> **What you need to do**: Copy out, exactly as written, only the line containing "Sunglasses With Thin" and the lines after it through the end of the records.

> **Supplied data**:
..........
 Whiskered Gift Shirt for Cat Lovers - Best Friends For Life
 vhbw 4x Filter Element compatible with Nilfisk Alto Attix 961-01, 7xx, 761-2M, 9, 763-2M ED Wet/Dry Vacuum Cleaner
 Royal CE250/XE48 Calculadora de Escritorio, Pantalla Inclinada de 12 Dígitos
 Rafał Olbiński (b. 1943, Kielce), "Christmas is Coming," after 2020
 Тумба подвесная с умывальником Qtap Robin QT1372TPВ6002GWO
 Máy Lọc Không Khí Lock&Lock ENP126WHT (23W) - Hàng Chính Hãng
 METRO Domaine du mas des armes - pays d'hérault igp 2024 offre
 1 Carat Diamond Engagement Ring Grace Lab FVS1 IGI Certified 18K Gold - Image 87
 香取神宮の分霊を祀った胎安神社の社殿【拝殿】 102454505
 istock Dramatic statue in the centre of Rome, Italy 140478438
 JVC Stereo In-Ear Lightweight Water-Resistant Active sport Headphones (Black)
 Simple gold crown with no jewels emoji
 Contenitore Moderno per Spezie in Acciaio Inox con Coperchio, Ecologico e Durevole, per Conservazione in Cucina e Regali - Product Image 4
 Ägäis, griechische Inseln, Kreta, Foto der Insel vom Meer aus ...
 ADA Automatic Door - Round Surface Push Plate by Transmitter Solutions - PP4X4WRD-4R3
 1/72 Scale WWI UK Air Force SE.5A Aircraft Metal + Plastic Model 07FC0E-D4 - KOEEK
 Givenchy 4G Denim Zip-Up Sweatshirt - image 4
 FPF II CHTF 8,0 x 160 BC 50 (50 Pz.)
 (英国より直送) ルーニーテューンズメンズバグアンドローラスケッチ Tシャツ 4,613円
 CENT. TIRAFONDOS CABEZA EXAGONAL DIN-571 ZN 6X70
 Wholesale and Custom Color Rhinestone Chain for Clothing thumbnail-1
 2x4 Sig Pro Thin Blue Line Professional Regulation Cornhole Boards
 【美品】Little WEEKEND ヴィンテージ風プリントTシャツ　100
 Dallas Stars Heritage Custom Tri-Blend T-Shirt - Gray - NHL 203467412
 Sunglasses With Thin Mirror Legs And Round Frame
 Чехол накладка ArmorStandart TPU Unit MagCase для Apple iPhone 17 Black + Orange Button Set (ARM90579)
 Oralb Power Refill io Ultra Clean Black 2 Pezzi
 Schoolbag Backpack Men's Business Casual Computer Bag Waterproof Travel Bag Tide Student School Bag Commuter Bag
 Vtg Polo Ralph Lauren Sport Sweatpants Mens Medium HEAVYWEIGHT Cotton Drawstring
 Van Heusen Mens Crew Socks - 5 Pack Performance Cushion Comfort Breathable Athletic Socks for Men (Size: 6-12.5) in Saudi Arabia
..........
> **Solution**:
 Sunglasses With Thin Mirror Legs And Round Frame
 Чехол накладка ArmorStandart TPU Unit MagCase для Apple iPhone 17 Black + Orange Button Set (ARM90579)
 Oralb Power Refill io Ultra Clean Black 2 Pezzi
 Schoolbag Backpack Men's Business Casual Computer Bag Waterproof Travel Bag Tide Student School Bag Commuter Bag
 Vtg Polo Ralph Lauren Sport Sweatpants Mens Medium HEAVYWEIGHT Cotton Drawstring
 Van Heusen Mens Crew Socks - 5 Pack Performance Cushion Comfort Breathable Athletic Socks for Men (Size: 6-12.5) in Saudi Arabia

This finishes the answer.